Begin at the line that has "MATCHBOX PRAWDZIWE PRZYGODY", stop after the line that has "Polo Ralph Lauren", and print exactly those lines from the records below, without any pictures.

Material supplied:
-- Opening Marker --

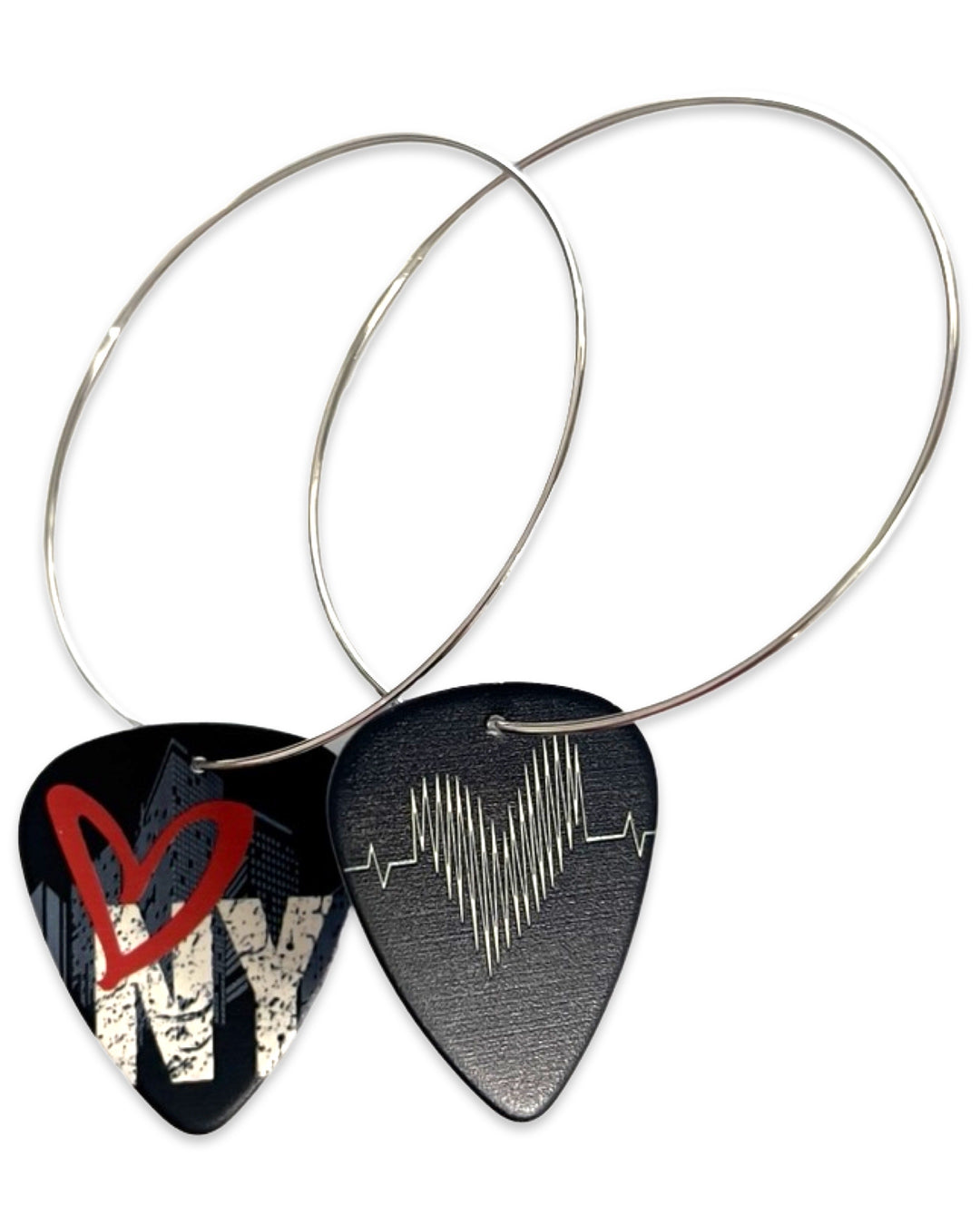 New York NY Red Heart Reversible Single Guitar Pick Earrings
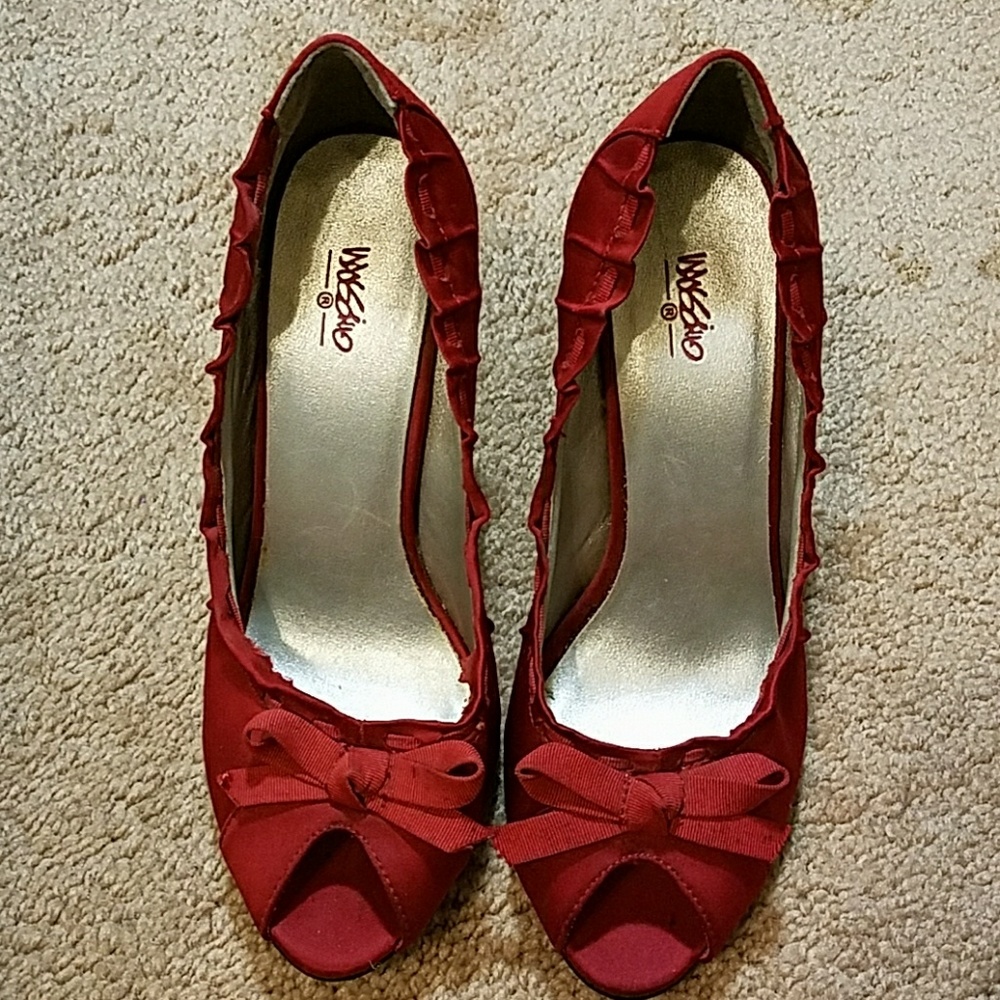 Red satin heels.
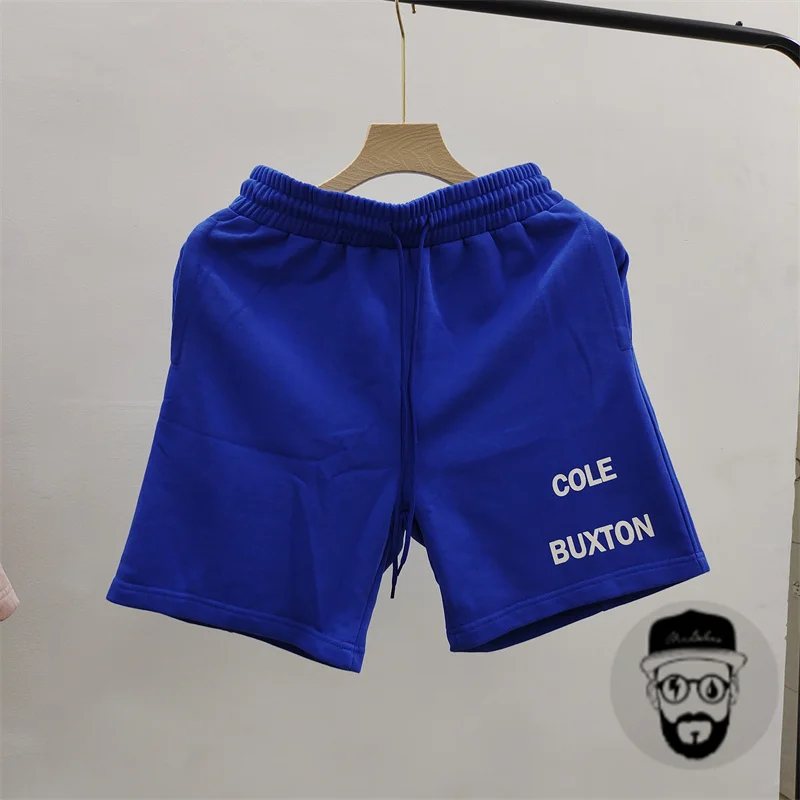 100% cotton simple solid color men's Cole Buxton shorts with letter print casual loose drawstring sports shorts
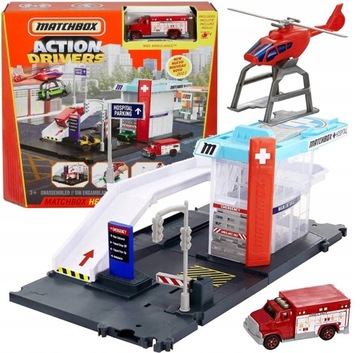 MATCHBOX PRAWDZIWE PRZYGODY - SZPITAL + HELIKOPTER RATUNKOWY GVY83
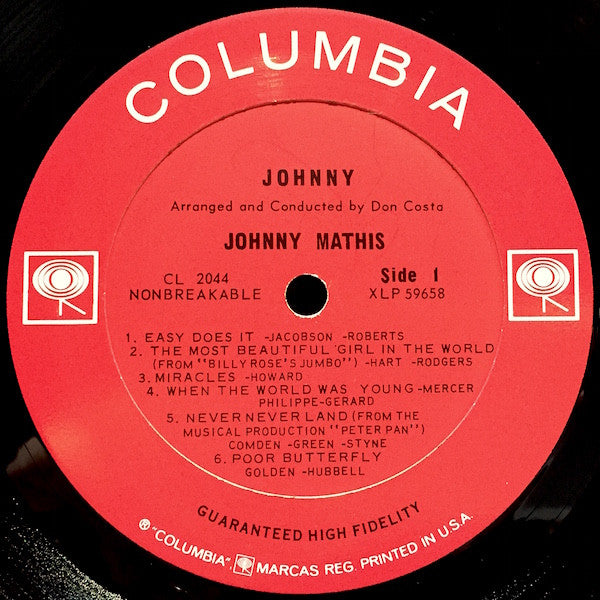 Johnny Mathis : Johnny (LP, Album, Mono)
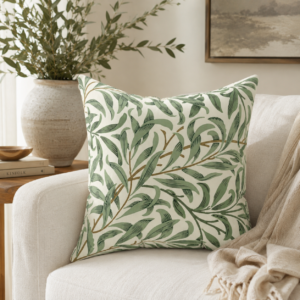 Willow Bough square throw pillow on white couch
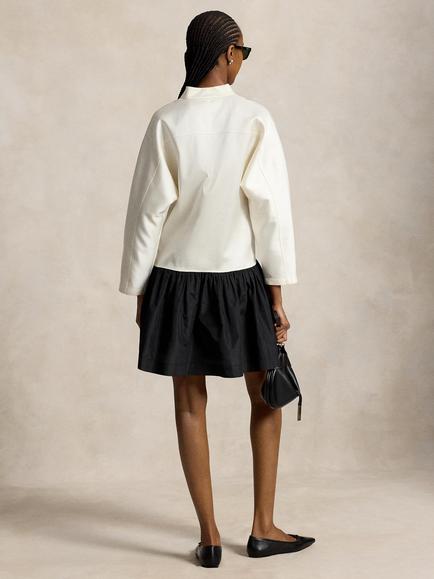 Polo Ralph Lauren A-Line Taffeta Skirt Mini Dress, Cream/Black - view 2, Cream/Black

-- Closing Marker --
-- Opening Marker --

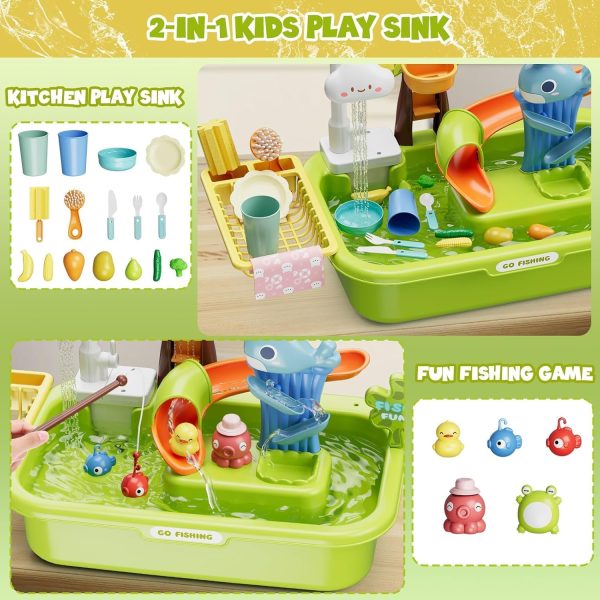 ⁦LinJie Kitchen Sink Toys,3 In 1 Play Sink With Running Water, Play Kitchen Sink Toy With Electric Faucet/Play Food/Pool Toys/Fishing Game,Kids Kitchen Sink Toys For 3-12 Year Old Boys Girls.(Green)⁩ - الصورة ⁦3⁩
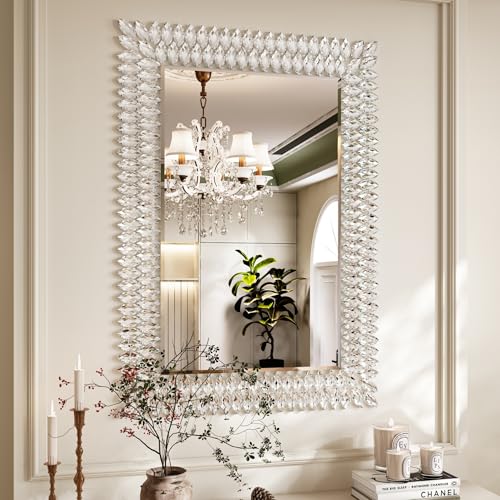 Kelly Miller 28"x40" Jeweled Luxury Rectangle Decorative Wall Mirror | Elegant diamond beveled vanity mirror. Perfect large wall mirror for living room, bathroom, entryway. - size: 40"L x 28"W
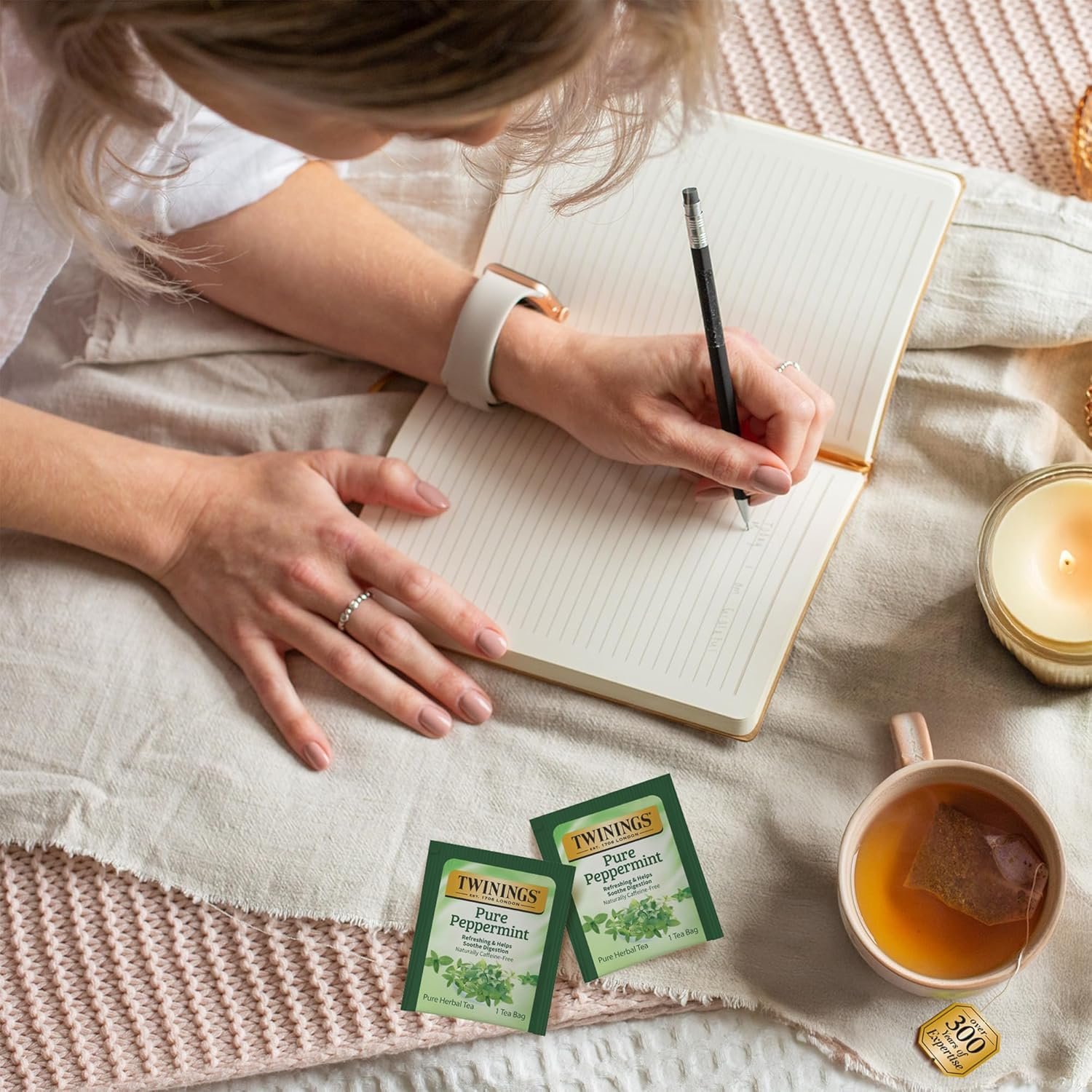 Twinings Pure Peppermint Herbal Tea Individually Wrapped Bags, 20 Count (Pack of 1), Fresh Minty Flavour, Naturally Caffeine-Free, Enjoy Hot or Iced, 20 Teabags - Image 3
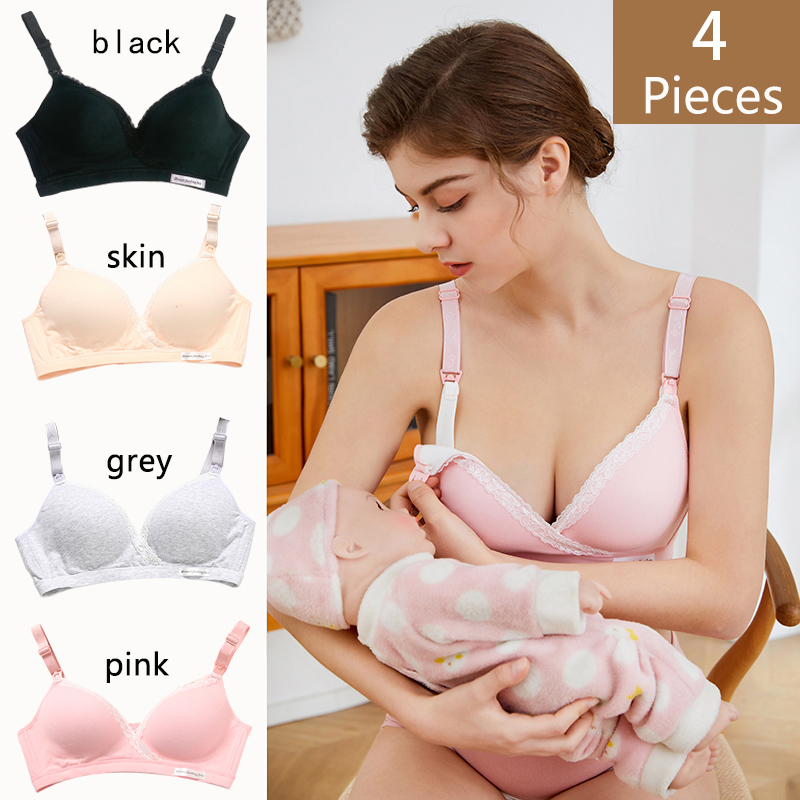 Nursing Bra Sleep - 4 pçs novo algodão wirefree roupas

-- Closing Marker --

Written response:
 MATCHBOX PRAWDZIWE PRZYGODY - SZPITAL + HELIKOPTER RATUNKOWY GVY83
 Johnny Mathis : Johnny (LP, Album, Mono)
 Willow Bough square throw pillow on white couch
 Polo Ralph Lauren A-Line Taffeta Skirt Mini Dress, Cream/Black - view 2, Cream/Black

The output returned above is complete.